CLNR working paper: Social science overview
This working paper from the team at Durham University describes the approach to data capture and planned research activities for the Customer-Led Network Revolution project.
The Customer Led Network Revolution is a large interdisciplinary project with a focus on researching electricity supply and demand. The project is funded by Ofgem’s Low Carbon Networks Fund (LCNF). The core objective is to understand the nature of current and likely future electricity demand among households and small to medium sized organisations and to consider how, why and with what implications such demand might be ‘flexible’.
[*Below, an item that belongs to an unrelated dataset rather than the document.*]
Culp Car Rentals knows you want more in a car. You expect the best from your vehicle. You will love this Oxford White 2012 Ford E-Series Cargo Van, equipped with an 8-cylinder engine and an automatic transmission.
The project is made up of over 20 individual ‘test cells’, which can be thought of as a series of mini trials. Each test cell has a group of participants who have agreed to a particular ‘proposition’ featuring some combination of characteristics which might include a tariff, network intervention, low carbon technology and smart meter monitoring.
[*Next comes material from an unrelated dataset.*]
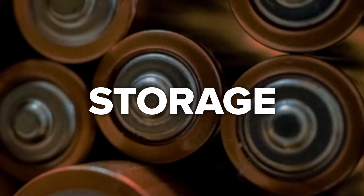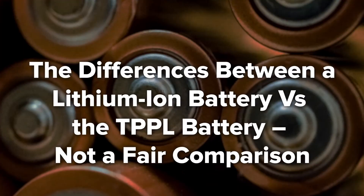One claim that is proven to be true about TPPL batteries is the shelf life of their charge. When a TPPL battery is brought to a full charge, the battery can be stored for several months without losing any charge, due to the low self-discharge rates. Some lithium-ion batteries have an on/off button to switch off when the battery will not be used for as long as 6 to 12 months. The difference between a lithium-ion battery and a TPPL battery in this regard is not a fair comparison.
The project is using a range of methodologies across social and engineering sciences to study electricity demand, including a structured online survey, qualitative home or business tours, collection and analysis of smart meter data as well as monitoring ‘the wires’ at electricity sub-stations to detect operating conditions at the scale of a community. It is important when taking this approach to minimise the extent to which findings are influenced by the research team in advance. The qualitative instruments are designed to allow the drivers, interactions and ingredients of everyday practices to emerge from the data collected from the participants without imposing preconceived ideas about how practices are structured. This approach calls for less formalised or structured instrumentation and places more emphasis on the skilled interviewer to encourage the participants to elaborate on how and why they conduct their energy practices.
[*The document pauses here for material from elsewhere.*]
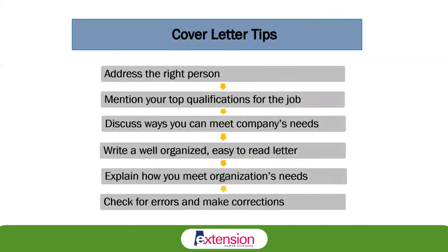A few tips for the cover letter: always address the right person, mention your top qualifications for the job, discuss the ways you can meet that company's needs, write a well-organized and easy-to-read letter, get someone to proofread it, perform spell check and grammar check, and be sure to check for errors and make any necessary corrections.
Tours of the participants’ premises are designed so that technologies and everyday items can act as prompts for the participant to discuss their practices. However, there are some key areas of focus which need to feature in each qualitative visit in order to ensure that results are comprehensive and comparable. The instruments prompts make sure that the interviews and tours cover these areas. These research activities will be integrated with engineering and mathematical analyses to create a significant and coordinated interdisciplinary contribution to understanding electricity demand.”